Star Trek: The Next Generation: "Home Soil"/"Coming Of Age"/"Heart Of Glory"

"Home Soil"

I never did well in science class. I got by, and it wasn't until I took Physics my senior year of high school that my grades started to truly suck, but I've always been more of a broad strokes kind of guy. Science requires patience, logic, and a meticulous attention to detail, while I'm hyper, intuitive (which means I jump to conclusions and never show my work), and lucky if I spell "meticulous" right, as anyone who's read these self-edited recaps can tell you. What I'm getting at is, while I love reading science fiction, I'm not clever enough to be able to tell you if a concept is absurd or practical.
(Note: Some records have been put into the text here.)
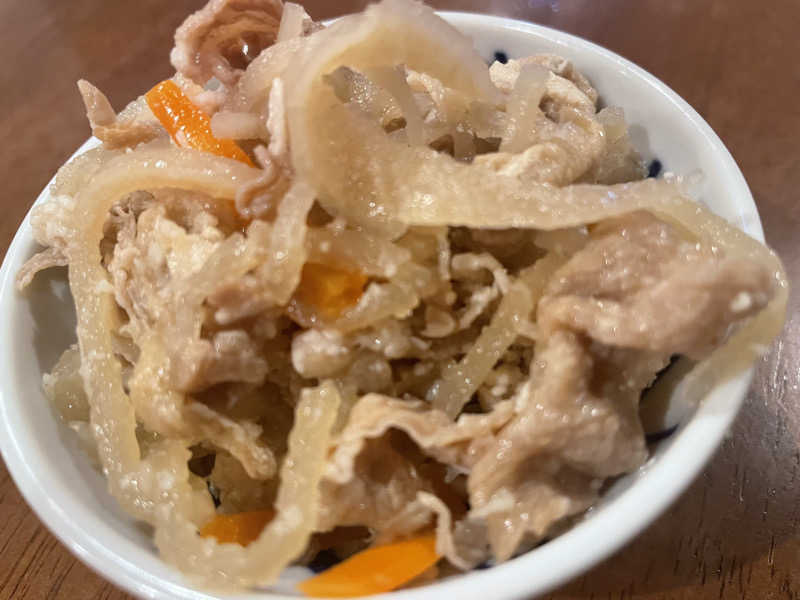 やまちゃんさんの泊まれるサウナ屋さん 品川サウナのサ活写真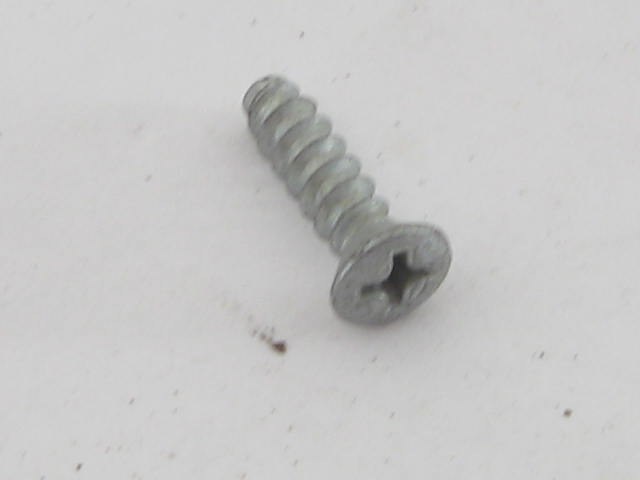 SCREW OF VARIOUS USES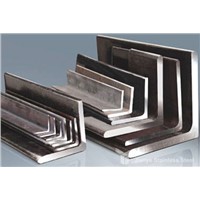 cheap price hot rolled 201 aisi stainless steel angle bar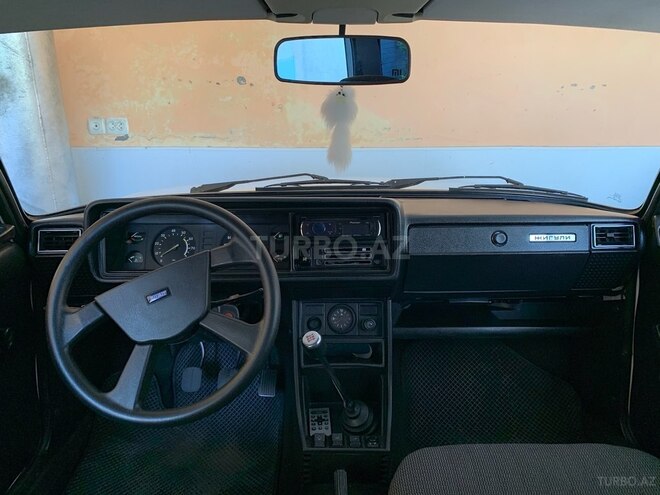 LADA (VAZ) 2107 2007, 65,000 km - 1.6 л - Zaqatala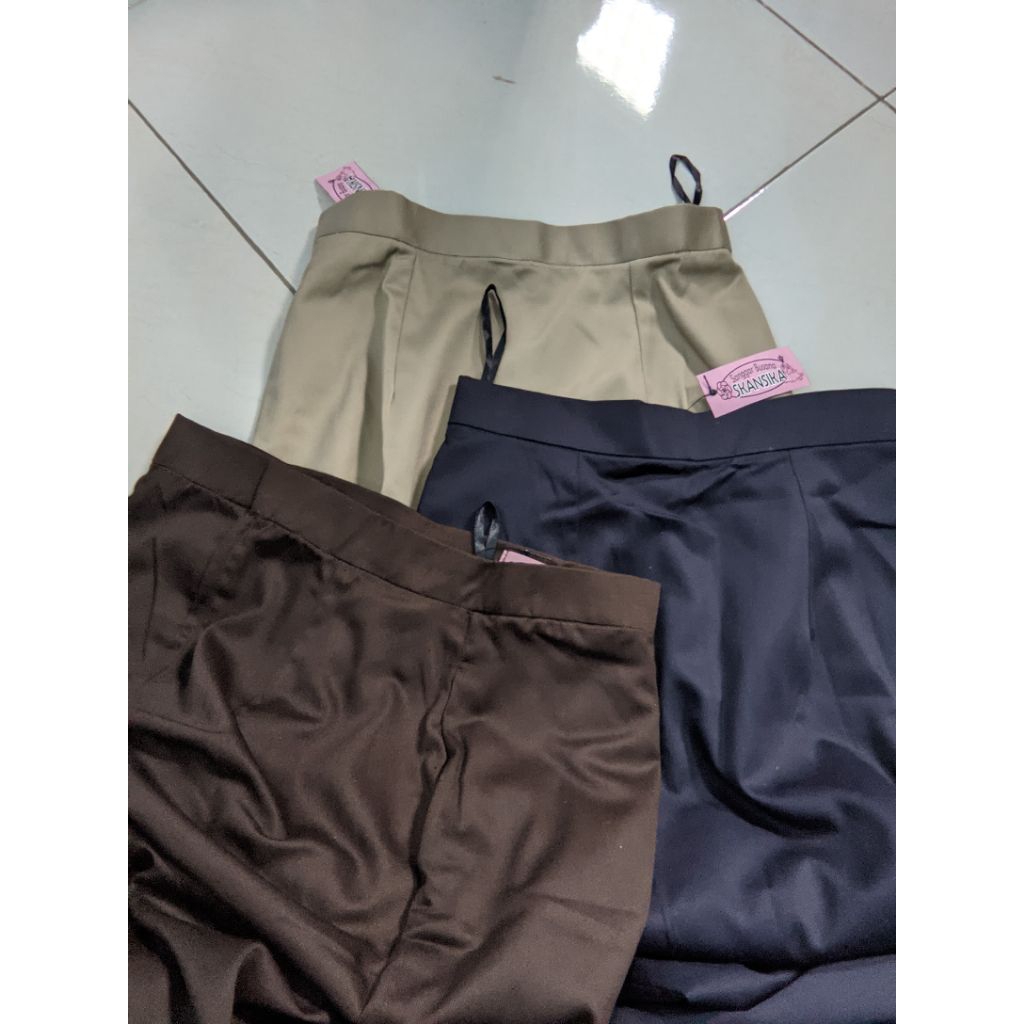 Rok remaja kekinian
If it works in the context of the story, that's good enough for me.

I think "Home Soil" works, and works well, and it's a terrific example of a kind of story that the TOS never really delved into: hard sci-fi. It's called "hard" (heh) because it takes existing knowledge and projects only slightly outwards from it, instead of just throwing in a few words like "space" and "lasers" to make it all seem technological. Kirk's Enterprise ran into all sorts of aliens and oddities, but while it did make overtures to more grounded writing, you never got the impression any of the writers on the show did serious research before putting plots together. (That sounds like an insult, but it isn't. There were a lot of very smart writers on TOS; it's more that the direction of the series meant stressing emotional highs over intellectual ones.) Take "Devil In The Dark," "Home Soil"'s closest TOS analog. The silicon-based life-form, the miners, and the development that the "monster" is just trying to protect its young are all things that fit into our concept of how life works. The "devil" is designed to look dangerous and frightening, and apart from its ability to consume rock, it's still identifiably animal. The miners didn't realize they were murdering its young, but they did know they were looking at a living creature when they stumbled across Mama.
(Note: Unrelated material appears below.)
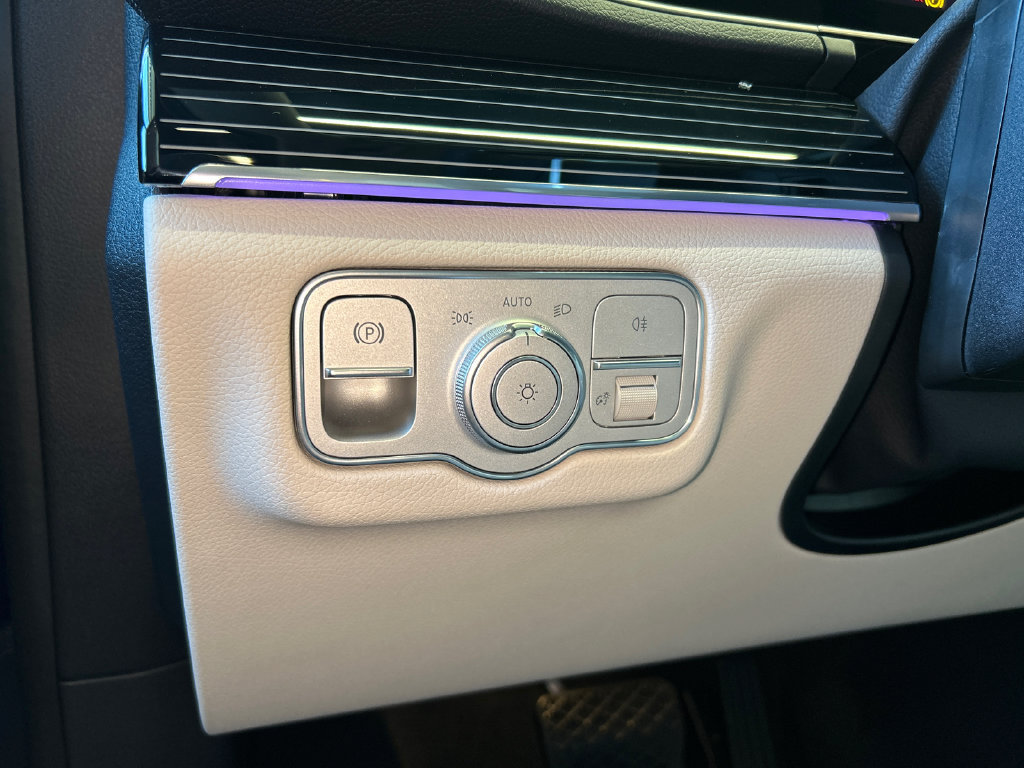 New 2026 Mercedes-Benz GLE 450 4MATIC image 11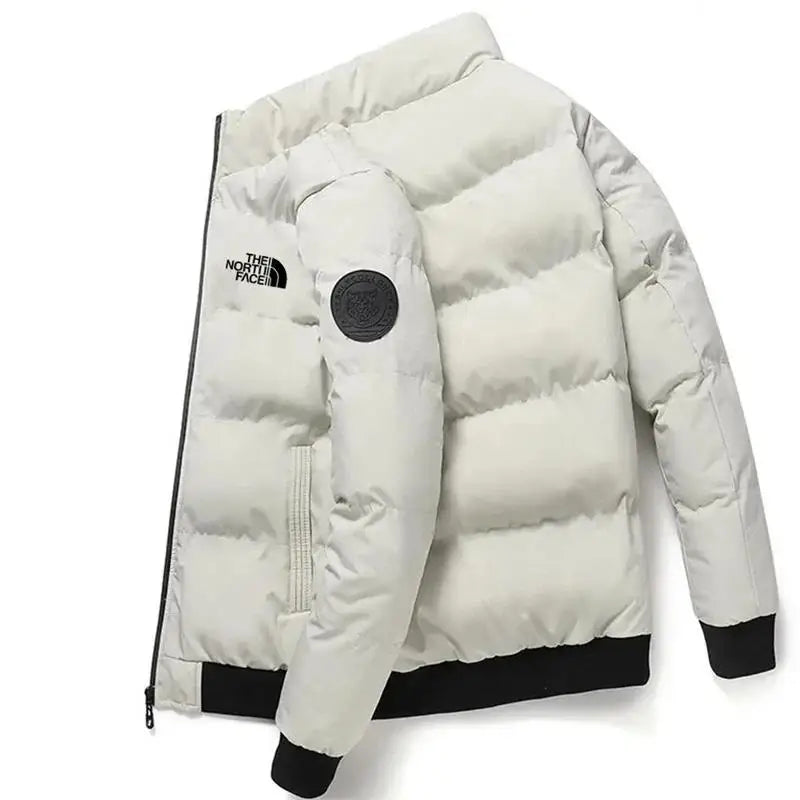 Men's Warm Outdoor Jacket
"Home Soil"'s crystal behaves in much the same way as the horta did, attacking invading human's in response to an unintentional threat, and that threat once again stems from a human difficulty in conceiving of life that isn't immediately comparable to ourselves. The difference here is that "Soil" goes to greater lengths than "Dark" to make the "monster" as striking as possible without sacrificing the plausibility of its design. This makes it less exciting as a creature, but more intriguing as an idea, and gives TNG yet another route to distinguish from its predecessor.

Picard and company pay a visit to Velara III, a planet currently inhabited by a small group of terraformers (really, really small; either the process is largely automated, or the Enterprise caught them around break week). Kurt Mandl, head of the group, is polite but brusque, and Troi senses "deliberate concealment" from him as to events on the planet. Once we find out the situation later in the episode, this "concealment" seems like an attempt at injecting mystery that doesn't really pan out. While Mandl has some suspicions about the real natives of Velara, he doesn't seem to know enough to be as paranoid as he clearly is here.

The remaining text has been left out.